Problem to work on: No pictures belong in the copy. Set down exactly the lines from the one that contains "Thank You Gift" through the end of the data.

Items listed in a dataset:
= = = = = = =
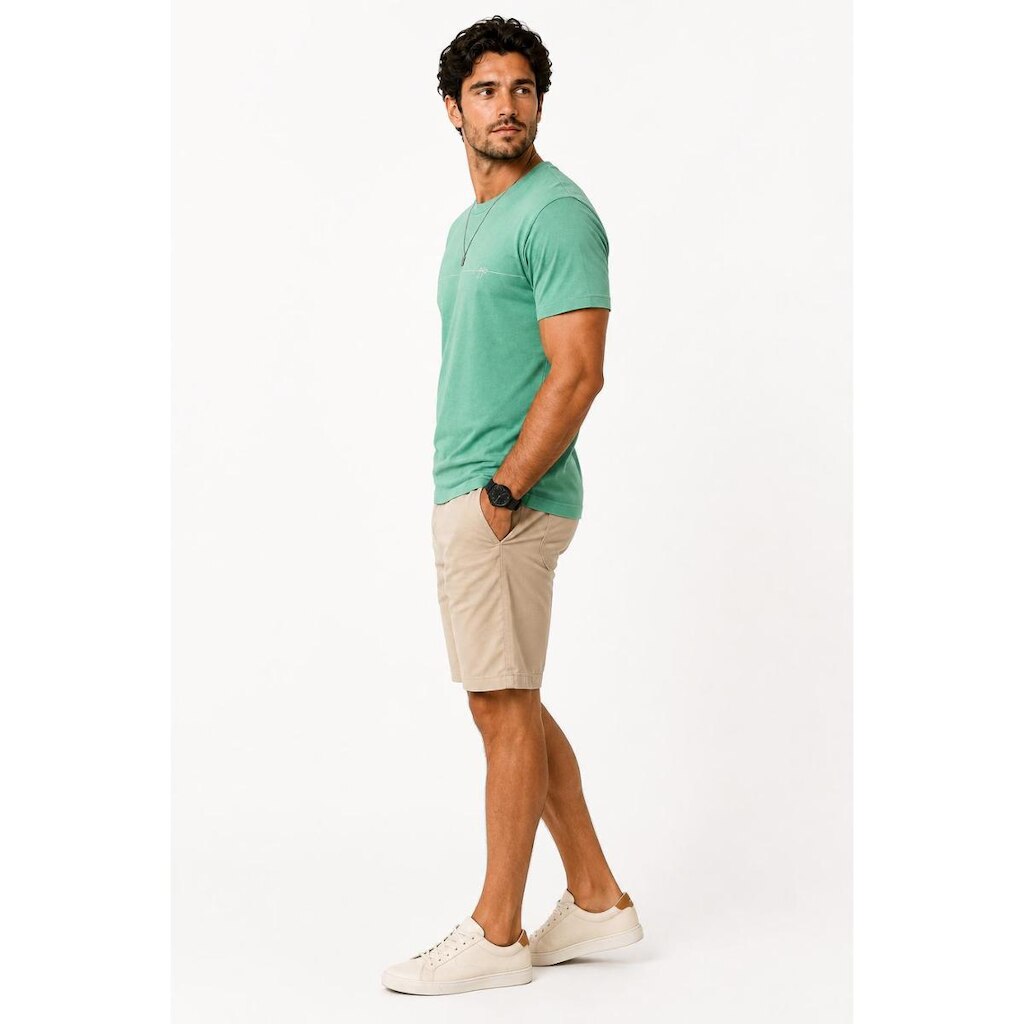 Camiseta Masculina D Bell Outlet Fashion Regular Fit Verde Menta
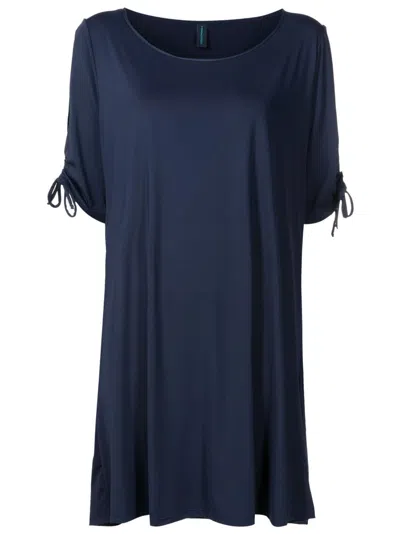 Lygia & Nanny Lisa Short-sleeved Shift Dress In Blue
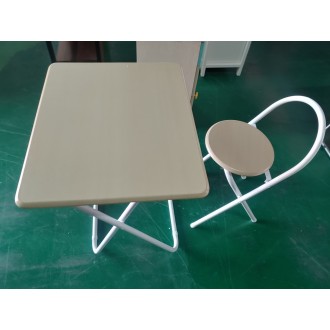 [B등급] 210807-25 크로스폴딩테이블의자세트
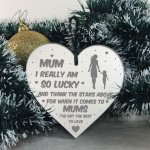 Thank You Gift For Mum Birthday Christmas Engraved Heart Gift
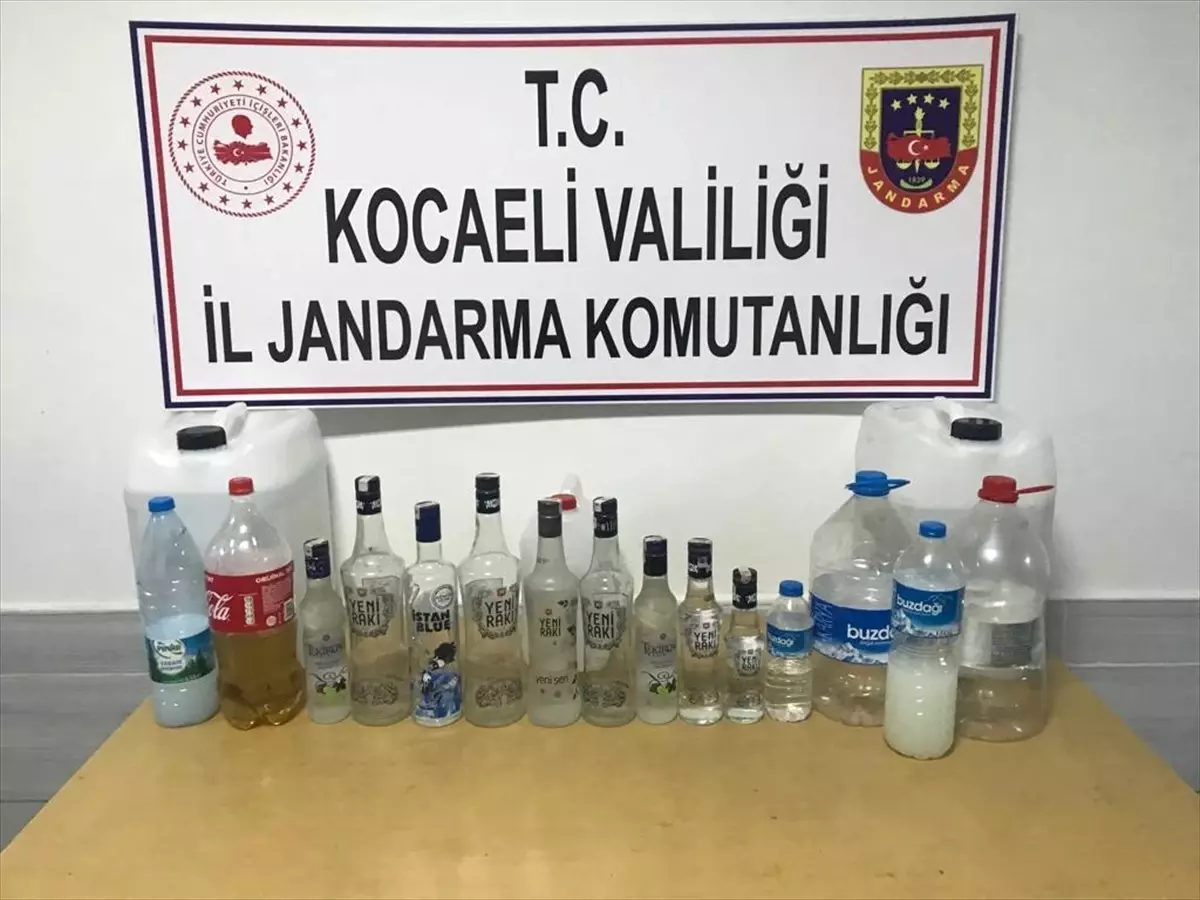 Kocaeli\'de Sahte İçki Operasyonu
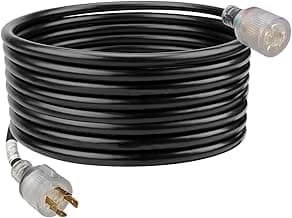 MaxWorks 80841 25 Ft. Heavy Duty 4-Prong Twist Lock 125V/250V 30 Amp L14-30P (Male) L14-30R (Female) Generator Extension Cord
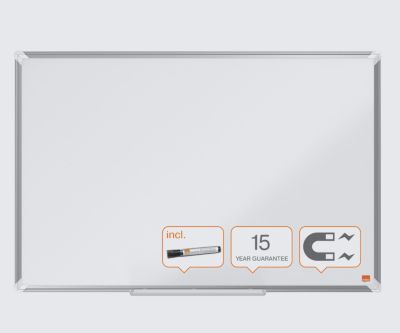 Nobo Weiss Präsentationstafel, Whiteboard Premium Plus 1915145 Aluminium, 90X120cm (120 X 90 Cm) - Bild 5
= = = = = = =
Response box:
 Thank You Gift For Mum Birthday Christmas Engraved Heart Gift
 Kocaeli\'de Sahte İçki Operasyonu
 MaxWorks 80841 25 Ft. Heavy Duty 4-Prong Twist Lock 125V/250V 30 Amp L14-30P (Male) L14-30R (Female) Generator Extension Cord
 Nobo Weiss Präsentationstafel, Whiteboard Premium Plus 1915145 Aluminium, 90X120cm (120 X 90 Cm) - Bild 5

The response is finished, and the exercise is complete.